JULIA [giving a letter] Madam, please you peruse this letter.
Pardon me, madam, I have unadvised
Delivered you a paper that I should not.
[Julia takes back the letter and gives Silvia another]
This is the letter to your ladyship.
SILVIA I pray thee, let me look on that again.
JULIA It may not be, good madam, pardon me.
SILVIA There, hold.
I will not look upon your master’s lines.
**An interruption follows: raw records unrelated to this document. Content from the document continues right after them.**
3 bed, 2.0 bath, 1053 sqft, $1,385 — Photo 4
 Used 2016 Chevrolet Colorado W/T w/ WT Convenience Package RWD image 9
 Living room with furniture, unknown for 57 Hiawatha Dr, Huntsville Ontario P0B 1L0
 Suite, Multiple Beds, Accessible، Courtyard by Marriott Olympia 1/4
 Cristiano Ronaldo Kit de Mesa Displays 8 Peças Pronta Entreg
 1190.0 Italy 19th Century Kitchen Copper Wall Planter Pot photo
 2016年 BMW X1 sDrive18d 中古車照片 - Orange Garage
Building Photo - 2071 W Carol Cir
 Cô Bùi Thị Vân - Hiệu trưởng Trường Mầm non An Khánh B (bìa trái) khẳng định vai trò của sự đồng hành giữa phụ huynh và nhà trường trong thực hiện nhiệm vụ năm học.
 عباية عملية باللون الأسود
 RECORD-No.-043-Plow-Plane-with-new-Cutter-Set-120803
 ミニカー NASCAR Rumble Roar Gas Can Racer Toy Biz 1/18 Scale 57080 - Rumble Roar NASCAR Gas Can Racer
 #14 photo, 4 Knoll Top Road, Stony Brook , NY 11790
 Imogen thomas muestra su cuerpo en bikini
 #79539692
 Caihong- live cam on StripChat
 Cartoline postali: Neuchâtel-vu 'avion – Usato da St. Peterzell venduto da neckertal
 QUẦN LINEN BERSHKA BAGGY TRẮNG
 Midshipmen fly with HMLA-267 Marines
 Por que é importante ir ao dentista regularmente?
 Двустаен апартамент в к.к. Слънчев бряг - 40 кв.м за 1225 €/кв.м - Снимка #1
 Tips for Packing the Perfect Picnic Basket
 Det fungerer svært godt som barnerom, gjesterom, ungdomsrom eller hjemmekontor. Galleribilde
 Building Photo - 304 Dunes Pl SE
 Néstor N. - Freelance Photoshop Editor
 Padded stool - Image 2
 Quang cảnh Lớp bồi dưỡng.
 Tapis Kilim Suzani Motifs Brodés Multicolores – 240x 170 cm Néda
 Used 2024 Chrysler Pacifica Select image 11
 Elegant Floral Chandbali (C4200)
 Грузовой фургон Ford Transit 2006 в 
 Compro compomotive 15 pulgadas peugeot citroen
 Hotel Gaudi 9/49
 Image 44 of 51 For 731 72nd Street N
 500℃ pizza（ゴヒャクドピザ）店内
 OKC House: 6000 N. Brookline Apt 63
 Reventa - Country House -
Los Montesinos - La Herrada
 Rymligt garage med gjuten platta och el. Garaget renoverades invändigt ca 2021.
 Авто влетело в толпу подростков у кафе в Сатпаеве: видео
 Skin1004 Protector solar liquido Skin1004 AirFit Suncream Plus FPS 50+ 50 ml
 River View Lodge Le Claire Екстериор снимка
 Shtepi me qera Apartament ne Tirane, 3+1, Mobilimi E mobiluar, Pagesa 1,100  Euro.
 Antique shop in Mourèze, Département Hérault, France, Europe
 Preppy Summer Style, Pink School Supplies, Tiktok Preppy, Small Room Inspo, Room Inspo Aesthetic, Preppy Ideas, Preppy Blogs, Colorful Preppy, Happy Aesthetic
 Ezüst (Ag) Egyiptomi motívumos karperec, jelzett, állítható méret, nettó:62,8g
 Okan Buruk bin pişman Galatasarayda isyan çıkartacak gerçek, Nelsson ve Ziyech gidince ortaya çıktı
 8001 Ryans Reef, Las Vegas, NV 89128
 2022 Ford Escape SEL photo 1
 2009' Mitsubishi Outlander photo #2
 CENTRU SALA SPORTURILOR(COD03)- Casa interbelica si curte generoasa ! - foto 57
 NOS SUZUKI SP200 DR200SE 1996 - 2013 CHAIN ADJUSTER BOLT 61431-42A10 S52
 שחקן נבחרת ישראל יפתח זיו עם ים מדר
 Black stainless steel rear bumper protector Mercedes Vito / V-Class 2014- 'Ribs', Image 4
I know they are stuffed with protestations,
And full of new-found oaths, which he will break
As easily as I do tear his paper.
[Silvia tears the letter] (4.4.107-117)
Julia’s being determined, formal, going through with it: madam, please you peruse this letter. Just read it, please? But the crucial thing is the pause at the end of the line, when she realises that this is the Wrong Letter and that she needs to get it back pronto: pardon me, madam, I have unadvised delivered you a paper that I should not. The implication is that it’s a letter from Proteus to Julia herself; it might even be THE letter that Julia ripped up and then pieced back together. Coloured paper might help make this clear, or sellotape… and there will be more comedy if, in a modern dress production, there are envelopes to extend the delay. Silvia might start to look confused—but the crucial thing is that Julia has to get the letter back otherwise her cover’s blown, the game’s up etc etc. Also: awkward. So, here, look: this is the letter to your ladyship. Julia might snatch, she might just look desperate, pleading. Silvia—of course—knows that something is up. I pray thee, let me look on that again. I can tell that something’s not right here. Oh no no no no no. It may not be, good madam, pardon me. Trust me. You don’t want to read that letter, that wrong letter! Read this one! There, hold, responds Silvia. No. Calm down. Stop. I will not look upon your master’s lines; I’m not going to read a single word that he’s written. Because I know that they are stuffed with protestations, over-the-top declarations of love, and full of new-found oaths, far-fetched, pretentious, new-fangled vows and promises which he will break—oh yes he will, I know (and Julia might flinch, miserably—as easily as I do tear his paper. Rip, rip, rip. Another love-letter torn and scattered. Some comfort, albeit cold, for Julia?